Their main threats are bobcats, mountain lions, and humans.
Deforestation and logging can put fishers in danger from bobcats in the open, but lately the biggest human threat to the animals is marijuana farmers using poisons to protect their forest plantations from rats.
The poisons, known as rodenticides, cause rats and other animals to bleed internally.
Higley said, “We’ve concluded from autopsy work that 24 percent of male fisher mortality is from the rodenticides, but it could be as high as 35 percent.”
The researchers also found that even those who died of other causes still had traces of the rodenticides in their bodies.
“Every animal that we’ve autopsied has been exposed to rodenticides,” Higley said. “It has some concentration in its liver tissue that is detectable.”
Higley described how the crews found one of the poisoned animals.
“Within the radio collars they have a mortality sensor, and it stopped moving around the landscape,” Higley said. “So we went and picked him up and he was dying.”
He’d lost half of his bodyweight, and had to be euthanized.
“The animals infected lose one-third to half their bodyweight over the course of two to three weeks,” Higley said, “and parasites infect them.

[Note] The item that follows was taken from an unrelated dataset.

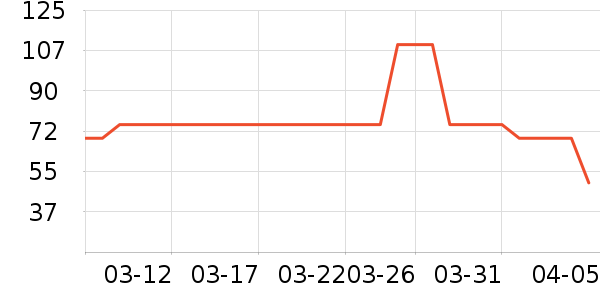 �Ͳ�����ʪ��ʷ�۸�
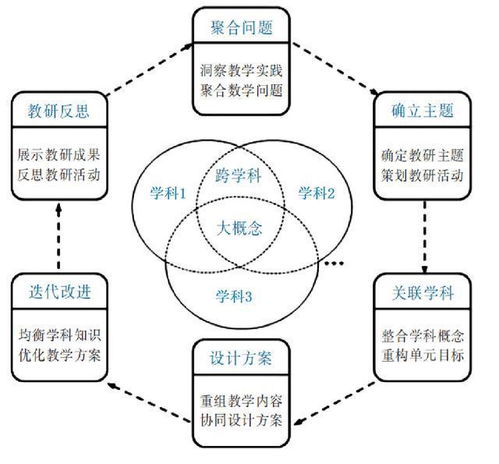 跨学科教学研究方向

Fleas, ticks, and internal parasites like worms.”
As deadly as the rodenticides are, the researchers found that predators killed 65 percent of female fishers, which are smaller than the male fishers.

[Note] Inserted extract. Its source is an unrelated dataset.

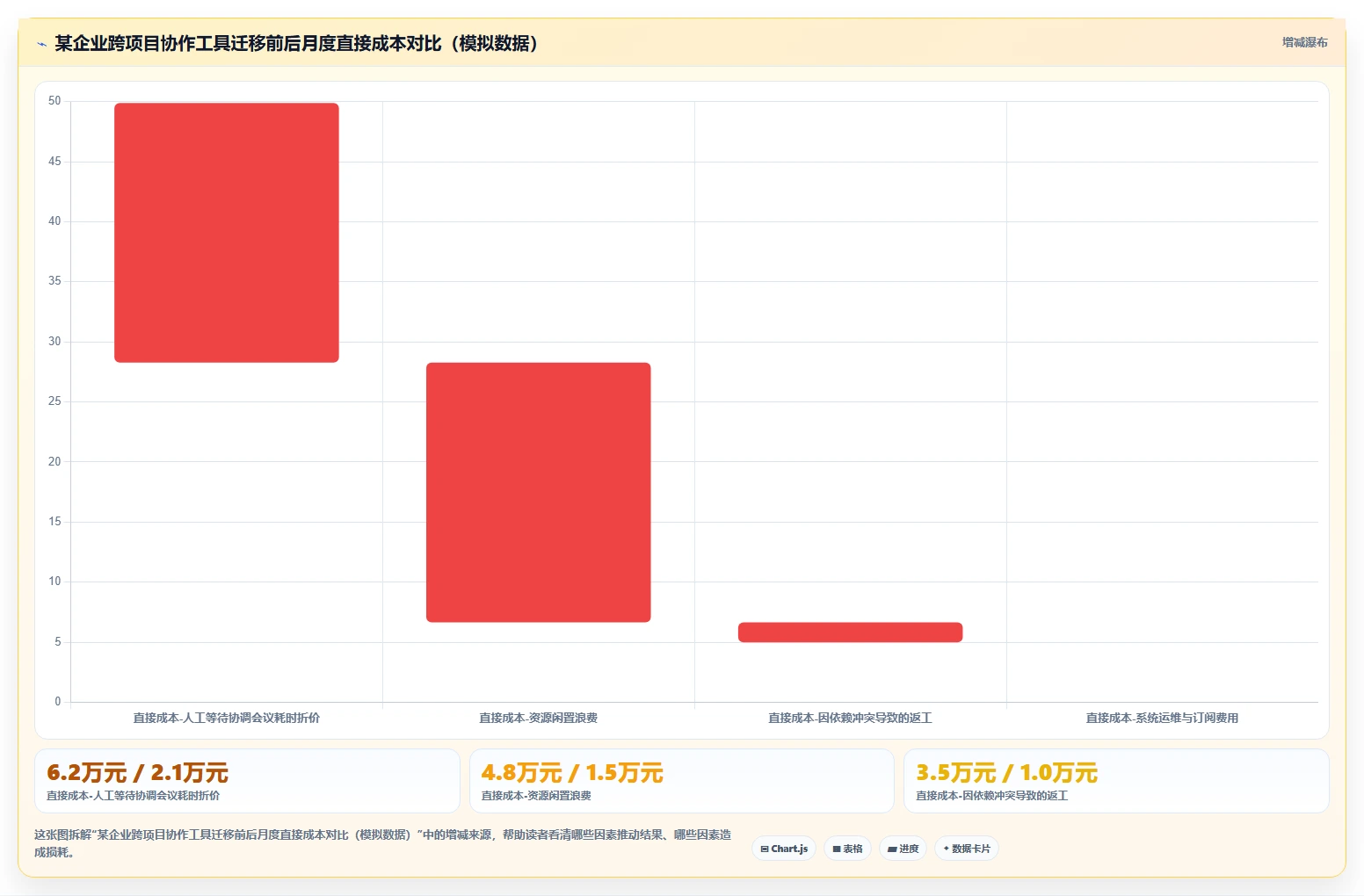 2026年跨项目协作好的项目管理工具哪个好用深度测评：主流软件对比与选型建议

“We have one PhD student at UC Davis who does DNA analysis to confirm which predator killed each animal we found,” Higley said. “Males are killed by mountain lions or coyotes, and bobcats are the number one predator of female fishers.”
But in one case, it was a pack of dogs.
“We had a fisher who was in a live trap, and dogs tore the trap apart and killed the fisher,” Higley said. “Normally, even bears can’t get the box trap apart, but those dogs spent so much time and effort at it.”

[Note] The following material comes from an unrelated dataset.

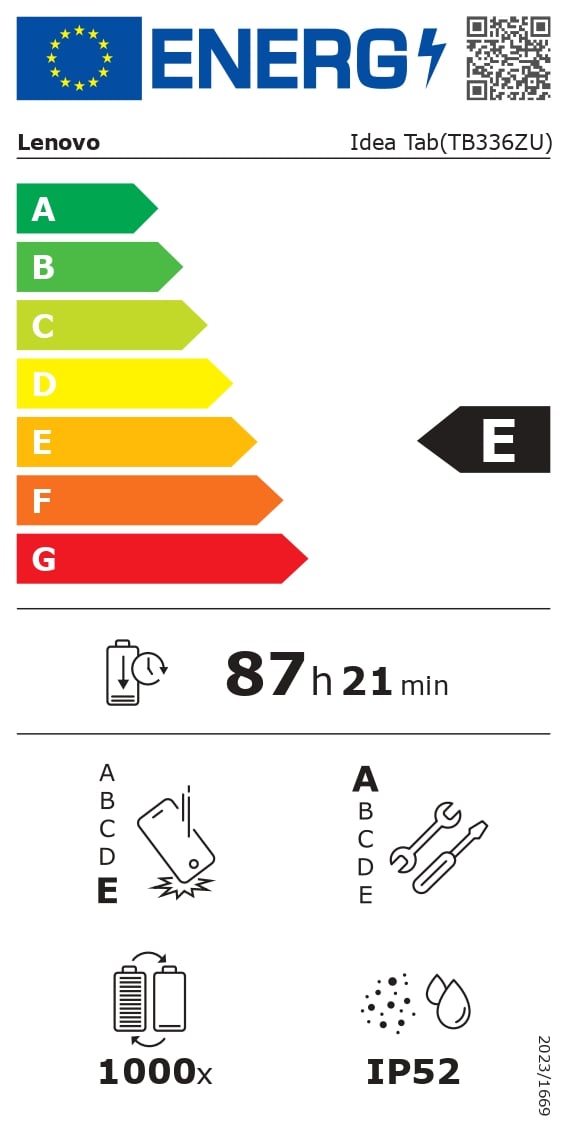Certificado energético E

Despite humans, bobcats, coyotes, mountain lions, and even dogs, some fishers are lucky enough to die of old age. Their average lifespan is between three and five years, but some can live much longer.
“We have one that is a little over nine, which is very unusual,” Higley said.
The work done by researchers in Hoopa not only helped write the book on fishers, but has spilled over into other fields.
UC Davis Graduate Student Researcher Nicole Stephenson came to Hoopa to study ticks, which affect fishers, but can also jump to farm animals, pets, and even humans.
Pole said, “It all kind of connects. We all live in the same place and we’re all tied together. So the more you know, the better it is. That’s what I like about research.”